Definitions of Terms Under the Securities Act Registration Framework
SEC Rule 405, codified at 17 C.F.R. § 230.405 under the Securities Act of 1933, provides the definitions of terms used throughout Regulation C and the broader Securities Act registration framework.
The rule defines a substantial range of concepts that are deployed across registration forms, offering rules, and related regulations — from fundamental structural terms such as blank check company, shell company, and well-known seasoned issuer, to operational terms such as automatic shelf registration statement, written communication, and free writing prospectus.
Rule 405 is, in the architecture of the Securities Act, the definitional engine that gives precise meaning to the terms deployed across the full range of offering rules and registration forms. Its significance extends well beyond the mechanical function of a glossary: the definitions it provides determine which issuers qualify for the most favourable registration and communication regimes available under the Securities Act, which issuers are excluded from those regimes, and what categories of communication are subject to the antifraud provisions of the Act.
The well-known seasoned issuer definition in particular — which governs eligibility for automatic shelf registration and the communications advantages that accompany it — is one of the most commercially consequential provisions in the entire Securities Act offering framework.
Overview and Regulatory Purpose
Definitional rules serve a foundational function in regulatory frameworks by establishing the shared vocabulary within which all other provisions operate. Without precise definitions, terms deployed across multiple rules, forms, and guidance documents would be subject to inconsistent interpretation, undermining the uniformity and predictability that the registration framework requires.
Rule 405 performs this vocabulary function for the Securities Act offering framework, providing the authoritative definitions against which all questions about which rules apply, which categories of issuer qualify for which regimes, and which categories of communication are subject to which obligations are answered.
Beyond this mechanical function, Rule 405 performs a substantive gatekeeping role through the definitions that determine access to the Securities Act's most commercially advantageous registration regimes.

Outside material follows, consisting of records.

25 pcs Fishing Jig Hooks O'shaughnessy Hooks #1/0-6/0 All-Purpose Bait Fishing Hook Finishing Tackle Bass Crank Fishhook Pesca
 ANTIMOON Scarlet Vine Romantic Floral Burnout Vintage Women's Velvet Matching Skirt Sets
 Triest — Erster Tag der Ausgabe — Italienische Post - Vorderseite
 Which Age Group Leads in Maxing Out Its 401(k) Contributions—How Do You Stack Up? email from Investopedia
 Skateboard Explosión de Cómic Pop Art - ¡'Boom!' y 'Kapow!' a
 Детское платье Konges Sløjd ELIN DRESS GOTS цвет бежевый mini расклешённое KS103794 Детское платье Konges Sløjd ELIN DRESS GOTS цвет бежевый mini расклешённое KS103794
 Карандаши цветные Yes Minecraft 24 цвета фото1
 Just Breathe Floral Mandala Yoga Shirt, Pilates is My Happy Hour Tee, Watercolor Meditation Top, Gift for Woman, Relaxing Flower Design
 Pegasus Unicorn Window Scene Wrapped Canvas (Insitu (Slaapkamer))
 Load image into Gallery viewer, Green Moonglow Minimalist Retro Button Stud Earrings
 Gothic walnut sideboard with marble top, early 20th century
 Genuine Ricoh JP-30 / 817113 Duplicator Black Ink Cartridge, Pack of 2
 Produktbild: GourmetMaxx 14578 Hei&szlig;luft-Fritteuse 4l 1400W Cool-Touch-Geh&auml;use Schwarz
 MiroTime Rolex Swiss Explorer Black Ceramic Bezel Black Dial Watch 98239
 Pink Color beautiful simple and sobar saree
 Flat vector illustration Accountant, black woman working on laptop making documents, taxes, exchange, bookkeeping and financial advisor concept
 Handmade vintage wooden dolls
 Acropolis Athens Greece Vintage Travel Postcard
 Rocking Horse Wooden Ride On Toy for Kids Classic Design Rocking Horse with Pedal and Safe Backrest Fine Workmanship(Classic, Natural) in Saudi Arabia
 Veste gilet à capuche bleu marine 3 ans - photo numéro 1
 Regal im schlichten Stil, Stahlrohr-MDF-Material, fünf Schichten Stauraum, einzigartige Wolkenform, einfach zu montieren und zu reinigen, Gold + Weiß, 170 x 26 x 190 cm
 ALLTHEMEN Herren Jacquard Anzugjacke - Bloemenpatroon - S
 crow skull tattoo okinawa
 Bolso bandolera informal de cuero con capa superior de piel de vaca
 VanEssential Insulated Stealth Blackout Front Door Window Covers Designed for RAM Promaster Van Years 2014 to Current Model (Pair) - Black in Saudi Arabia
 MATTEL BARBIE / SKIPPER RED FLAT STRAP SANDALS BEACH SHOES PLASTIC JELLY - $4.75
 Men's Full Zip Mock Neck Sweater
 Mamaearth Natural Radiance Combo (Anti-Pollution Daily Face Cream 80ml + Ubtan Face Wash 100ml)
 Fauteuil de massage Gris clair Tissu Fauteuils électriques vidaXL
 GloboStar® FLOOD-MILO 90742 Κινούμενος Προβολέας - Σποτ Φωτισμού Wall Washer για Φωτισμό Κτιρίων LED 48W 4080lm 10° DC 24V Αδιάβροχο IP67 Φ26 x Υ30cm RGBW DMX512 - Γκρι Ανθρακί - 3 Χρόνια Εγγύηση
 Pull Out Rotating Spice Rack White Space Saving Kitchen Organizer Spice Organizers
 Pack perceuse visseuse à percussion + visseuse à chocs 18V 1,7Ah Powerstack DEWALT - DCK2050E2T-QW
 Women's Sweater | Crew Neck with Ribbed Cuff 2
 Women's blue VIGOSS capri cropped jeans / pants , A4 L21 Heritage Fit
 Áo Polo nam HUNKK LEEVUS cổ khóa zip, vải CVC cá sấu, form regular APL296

The definition of well-known seasoned issuer — and the companion definition of ineligible issuer, which excludes certain categories of issuer from WKSI status regardless of their financial qualifications — governs access to automatic shelf registration, the most powerful and flexible registration mechanism available under the Act. The definition of blank check company, which excludes SPACs and similar structures from the PSLRA safe harbour for forward-looking statements, has been the subject of sustained enforcement and regulatory attention in the context of the SPAC market.
The definition of shell company determines whether an issuer faces a 12-month current public information waiting period before its investors can rely on Rule 144 resales. Each of these definitional determinations carries substantial commercial and legal consequences for the issuers, investors, and practitioners affected.
Statutory Authority and Rulemaking History
Rule 405 derives its statutory authority from Sections 6, 8, 10, and 19 of the Securities Act of 1933, the same provisions that undergird the broader Regulation C framework. The rule's definitional content has been built up over decades of rulemaking as new terms were introduced into the Securities Act framework and existing terms required more precise definition.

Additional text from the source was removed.